The New York artist had his heart set on staging a mass-nude shoot on the supermarket’s property. But sadly, they were not having it.

Even if you don’t know the name Spencer Tunick, you probably know his photos. They often feature swarms of naked bodies splayed out around iconic locations. In 2010 he staged a particularly beautiful spectacle at the Sydney Opera House called Mardi Gras: The Base. Just after dawn, over 5000 volunteers stripped off to be shot en masse out the front.

Eight years later, the New York artist had his heart set on collaborating with another Aussie icon — Woolworths. He had been in contact with local Prahran business owners to stage one of his nude shoots on the rooftop carpark of the supermarket’s Chapel Street store in Melbourne. Ten thousand individuals had already expressed interest in taking part, suggesting it would dwarf the beautiful Opera House display. The piece, titled Return of the Nude, would be part of the Chapel Street precinct's Provocare arts festival.


But the supermarket chain has blocked the plan, turning down the photo request to shoot on their property.

Rather than playing the prude card, they’ve said the decision was made over concerns about disrupting business during a busy time. In a statement a spokeswoman explained: "We recently upgraded the rooftop car park at our Prahran store to make it more accessible and comfortable and its primary purpose is so our customers have convenient access to available car parking close to our store."

In his own reply, Tunick pointed out that he’d performed ”in Grand Central Station in NYC, the Opera House in Brugge Belgium, and the Four Seasons Restaurant in NYC.” He didn’t go as far as to say if they could sort it out, so could Woolies, but you can read between the lines.

Local businesses and fans haven’t given up though, starting a petition to change Woolies’ mind.
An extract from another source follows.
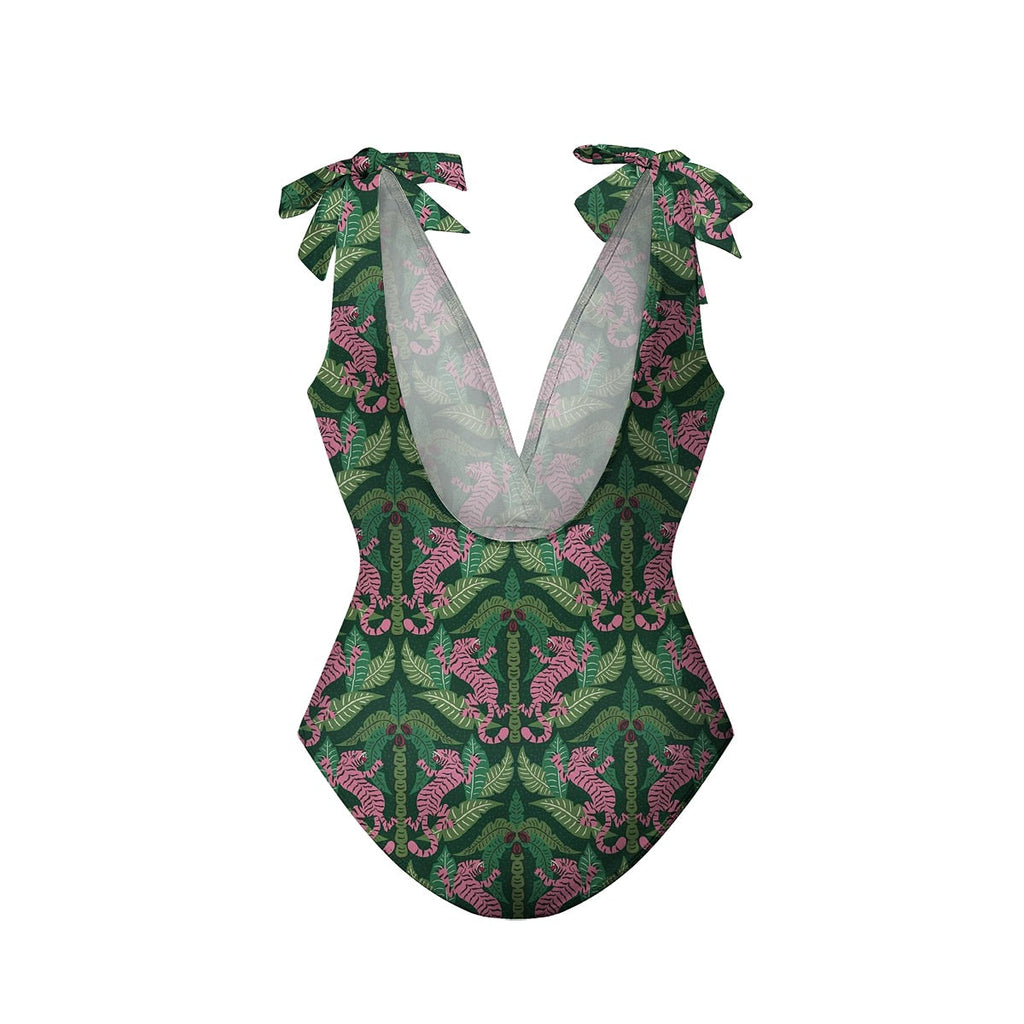 Dark Green Jungle Tiger Leaf Print One-Piece Swimsuit&Skirt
The public push is led by head of the Chapel Street Precinct Association, Chrissie Maus. Chatting to ABC Radio Melbourne, she urged the company to think long term: "This photo will go viral, not only in Australia, but right around the world…This alone will help boost in-store sales."

Tunick has always had a special connection to Australia; before his Opera House project he photographed a mass of 4500 nudes along Melbourne’s Yarra River in 2001.